**Goal of the exercise:** Make an exact copy of the records, with the pictures left out.

>>>>>

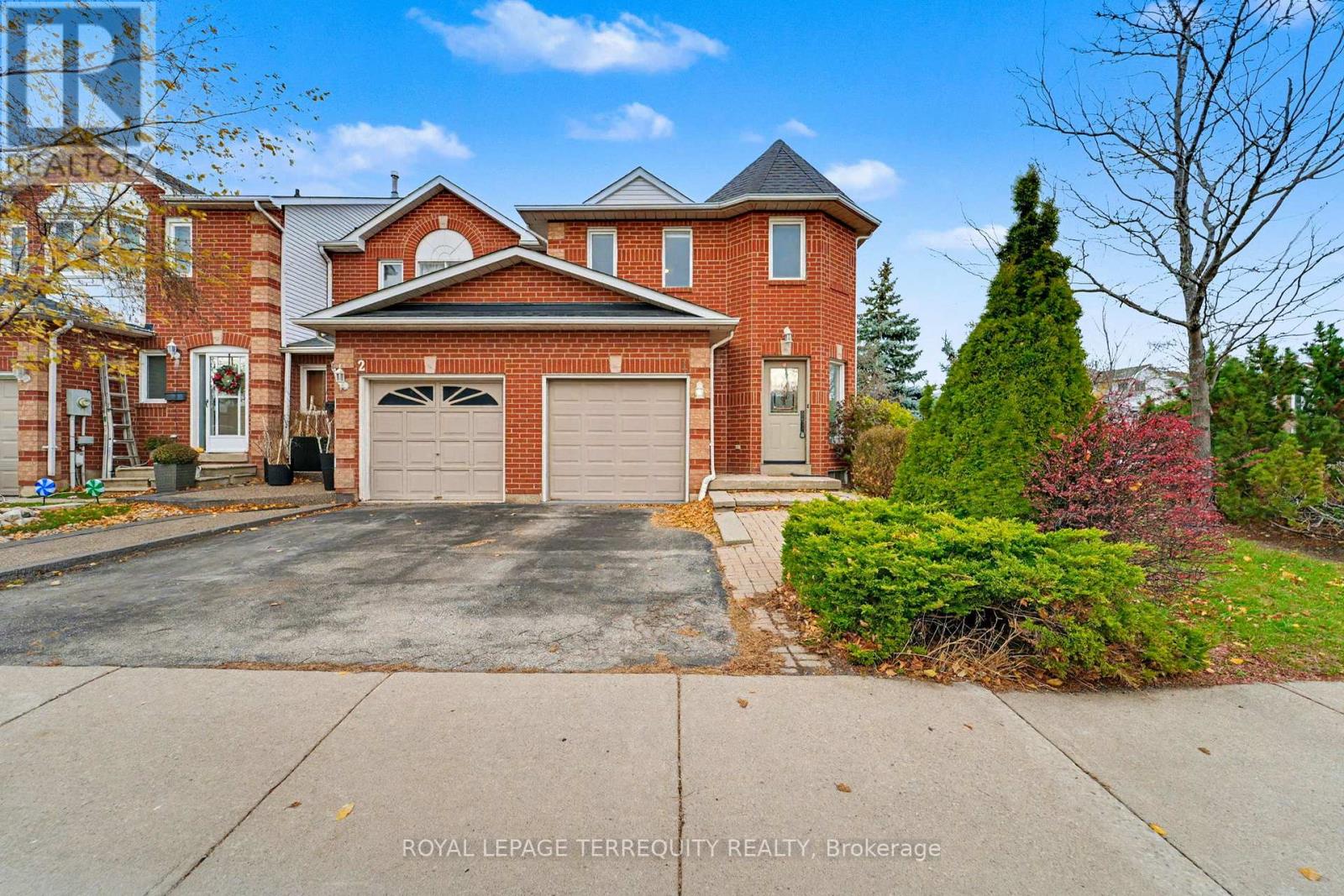 1 - 2350 Grand Ravine Drive, Oakville, Ontario  L6H 6E2 - Photo 2 - W12720946
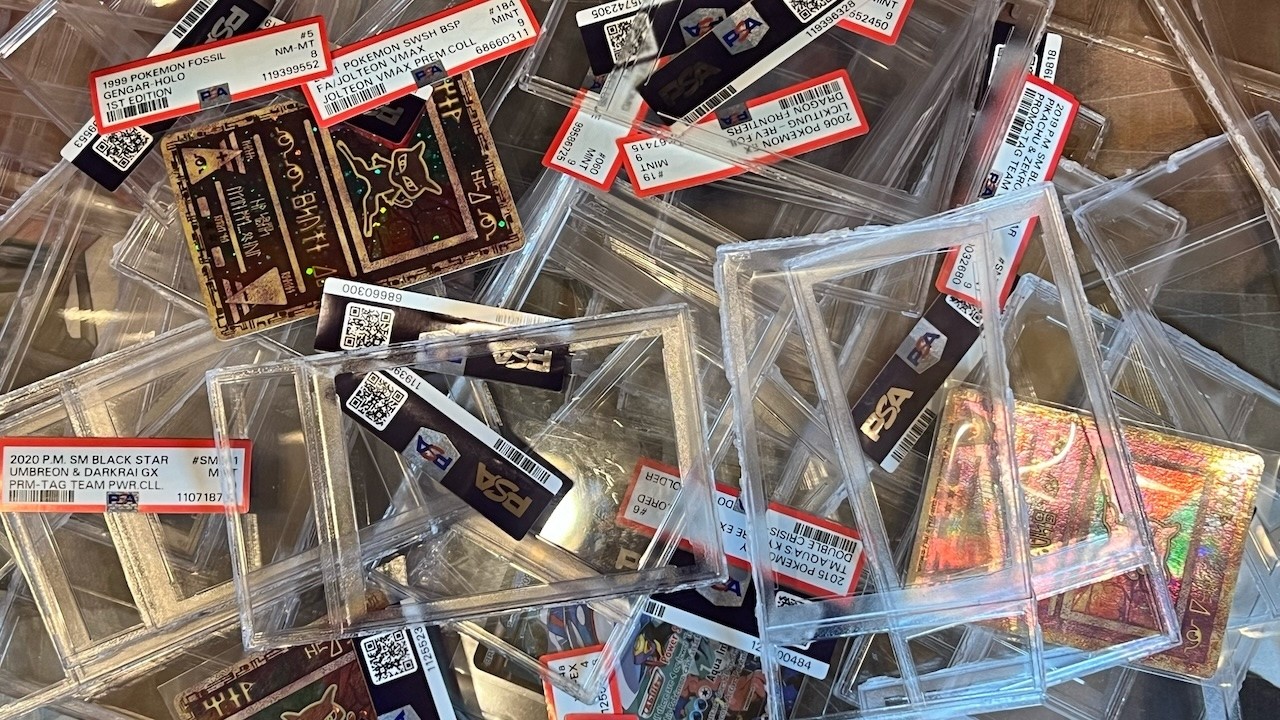 End of PSA? | Resealable Slabs + Holders Damaging Cards!!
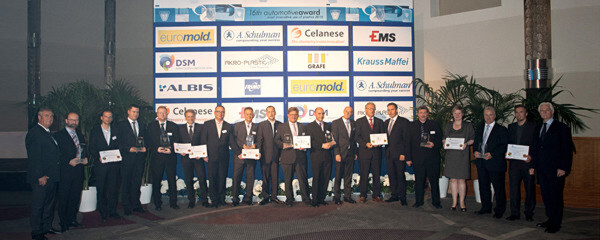 Gewinner des SPE Automotive Awards parts & components v.l.n.r.Dr.-Ing. Rudolf Fernengel, 2R Kunststofftechnik GmbH, Udo Gayer, Daimler AG, Christian Heinz, Continental Automotive GmbH, Jens Ebert, FTE automotive GmbH, Johannes Burkhard, FTE automotive GmbH, Hermann Bauer, FTE automotive GmbH, Reinhold Krischke, BMW Group, Sven Stein, BMW AG, Rüdiger Poltrock, BMW AG, Dr.-Ing. Hansjörg Kurz, Volkswagen AG, Fernando Burguera, Batz S. Coop., Pedro Zubieta, Batz S. Coop.Friedrich Westphal, PME-Fluidtec GmbH, Thilo Stier, AKRO-PLASTIC GmbH, Karl-Heinz Stelzl, FRIMO Group, Martina Schierholt, FRIMO Group, Dr. Ingo Kleba, Rühl Puromer GmbHDominik Schwager, dstyle, Dr.-Ing. Klaus-Dieter Johnke, Präsident SPE Central Europe. Gewinner des SPE Automotive Awards parts & components v.l.n.r.Dr.-Ing. Rudolf Fernengel, 2R Kunststofftechnik GmbH, Udo Gayer, Daimler AG, Christian Heinz, Continental Automotive GmbH, Jens Ebert, FTE automotive GmbH, Johannes Burkhard, FTE automotive GmbH, Hermann Bauer, FTE automotive GmbH, Reinhold Krischke, BMW Group, Sven Stein, BMW AG, Rüdiger Poltrock, BMW AG, Dr.-Ing. Hansjörg Kurz, Volkswagen AG, Fernando Burguera, Batz S. Coop., Pedro Zubieta, Batz S. Coop.Friedrich Westphal, PME-Fluidtec GmbH, Thilo Stier, AKRO-PLASTIC GmbH, Karl-Heinz Stelzl, FRIMO Group, Martina Schierholt, FRIMO Group, Dr. Ingo Kleba, Rühl Puromer GmbHDominik Schwager, dstyle, Dr.-Ing. Klaus-Dieter Johnke, Präsident SPE Central Europe.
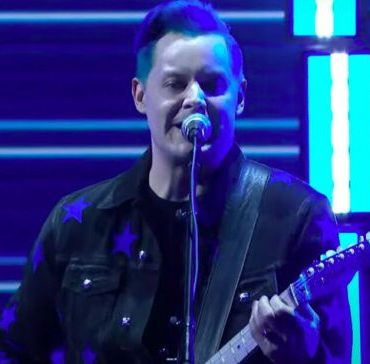 jack-white-performs-“what’s-the-trick?”-and-gets-interviewed-on-“stephen-colbert”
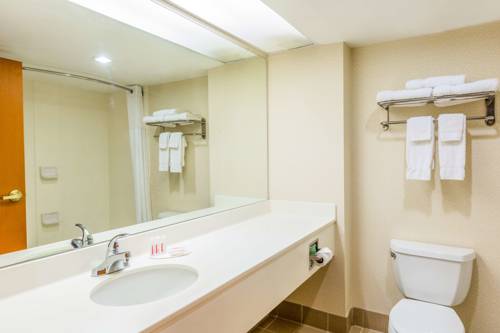 Imagen de la habitación del Hotel Baymont by Wyndham Budd Lake. Foto 8
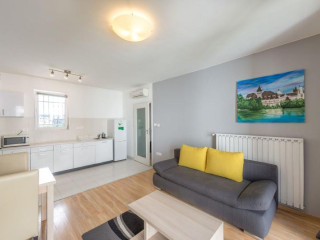 Corvin Plaza Apartments - Suites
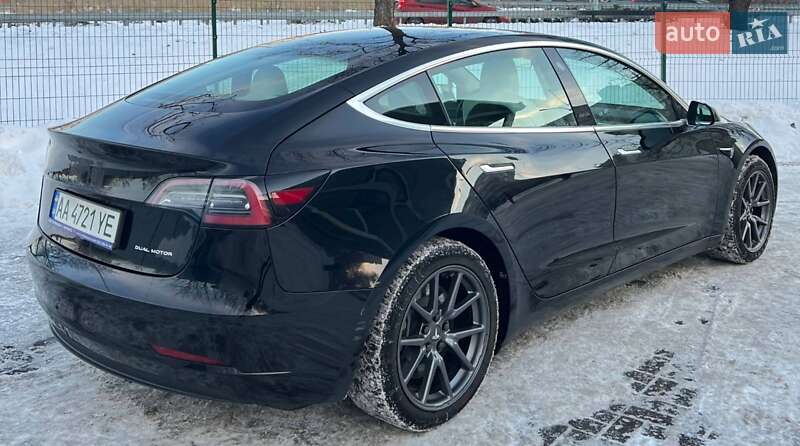 Седан Tesla Model 3 2019 в Києві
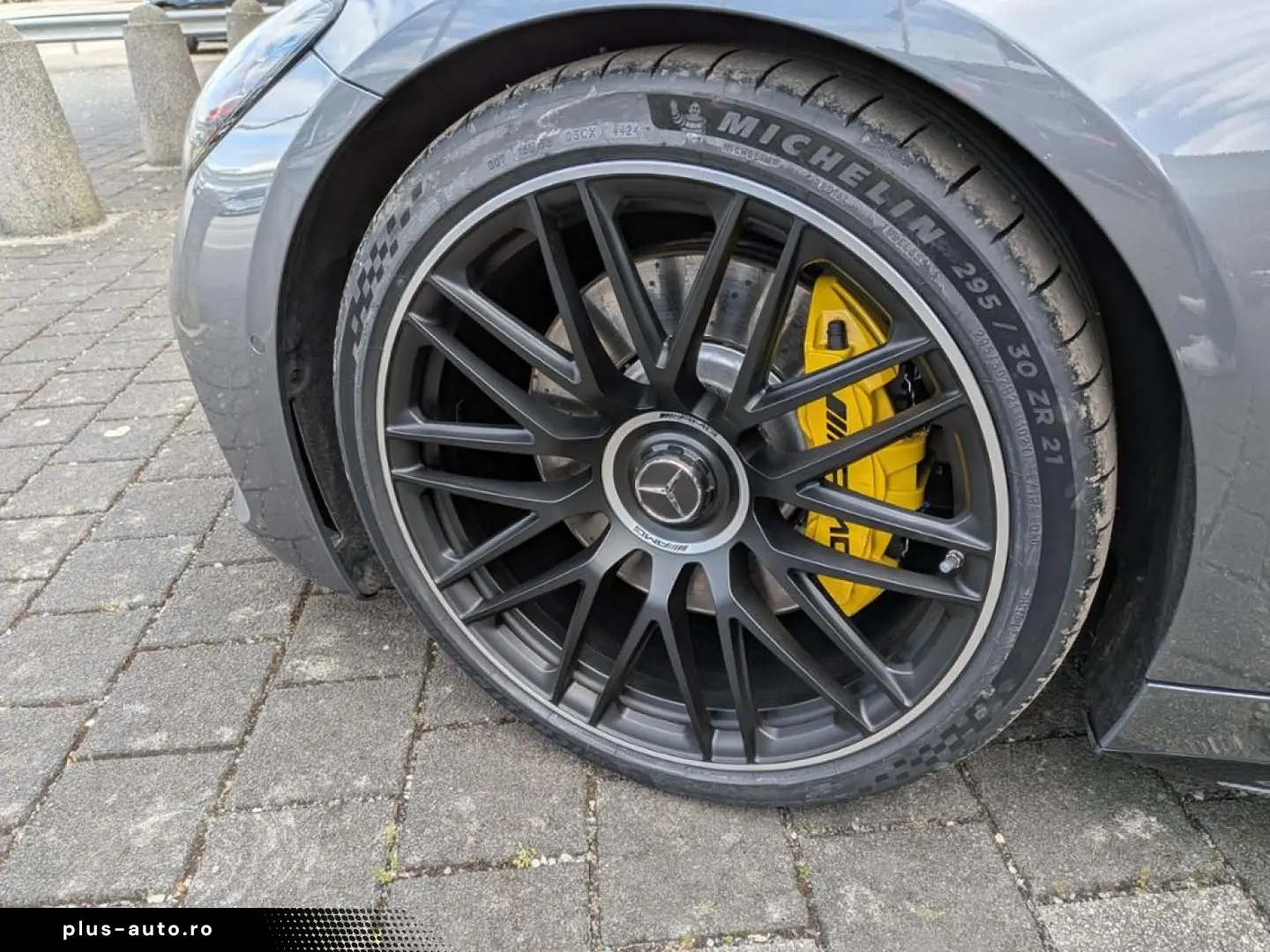 MERCEDES-BENZ AMG GT 63 4M  Perf Sitze Lift Pano Night Perfo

<<<<<

**Response to the task:**
 1 - 2350 Grand Ravine Drive, Oakville, Ontario  L6H 6E2 - Photo 2 - W12720946
 End of PSA? | Resealable Slabs + Holders Damaging Cards!!
 Gewinner des SPE Automotive Awards parts & components v.l.n.r.Dr.-Ing. Rudolf Fernengel, 2R Kunststofftechnik GmbH, Udo Gayer, Daimler AG, Christian Heinz, Continental Automotive GmbH, Jens Ebert, FTE automotive GmbH, Johannes Burkhard, FTE automotive GmbH, Hermann Bauer, FTE automotive GmbH, Reinhold Krischke, BMW Group, Sven Stein, BMW AG, Rüdiger Poltrock, BMW AG, Dr.-Ing. Hansjörg Kurz, Volkswagen AG, Fernando Burguera, Batz S. Coop., Pedro Zubieta, Batz S. Coop.Friedrich Westphal, PME-Fluidtec GmbH, Thilo Stier, AKRO-PLASTIC GmbH, Karl-Heinz Stelzl, FRIMO Group, Martina Schierholt, FRIMO Group, Dr. Ingo Kleba, Rühl Puromer GmbHDominik Schwager, dstyle, Dr.-Ing. Klaus-Dieter Johnke, Präsident SPE Central Europe. Gewinner des SPE Automotive Awards parts & components v.l.n.r.Dr.-Ing. Rudolf Fernengel, 2R Kunststofftechnik GmbH, Udo Gayer, Daimler AG, Christian Heinz, Continental Automotive GmbH, Jens Ebert, FTE automotive GmbH, Johannes Burkhard, FTE automotive GmbH, Hermann Bauer, FTE automotive GmbH, Reinhold Krischke, BMW Group, Sven Stein, BMW AG, Rüdiger Poltrock, BMW AG, Dr.-Ing. Hansjörg Kurz, Volkswagen AG, Fernando Burguera, Batz S. Coop., Pedro Zubieta, Batz S. Coop.Friedrich Westphal, PME-Fluidtec GmbH, Thilo Stier, AKRO-PLASTIC GmbH, Karl-Heinz Stelzl, FRIMO Group, Martina Schierholt, FRIMO Group, Dr. Ingo Kleba, Rühl Puromer GmbHDominik Schwager, dstyle, Dr.-Ing. Klaus-Dieter Johnke, Präsident SPE Central Europe.
 jack-white-performs-“what’s-the-trick?”-and-gets-interviewed-on-“stephen-colbert”
 Imagen de la habitación del Hotel Baymont by Wyndham Budd Lake. Foto 8
 Corvin Plaza Apartments - Suites
 Седан Tesla Model 3 2019 в Києві
 MERCEDES-BENZ AMG GT 63 4M  Perf Sitze Lift Pano Night Perfo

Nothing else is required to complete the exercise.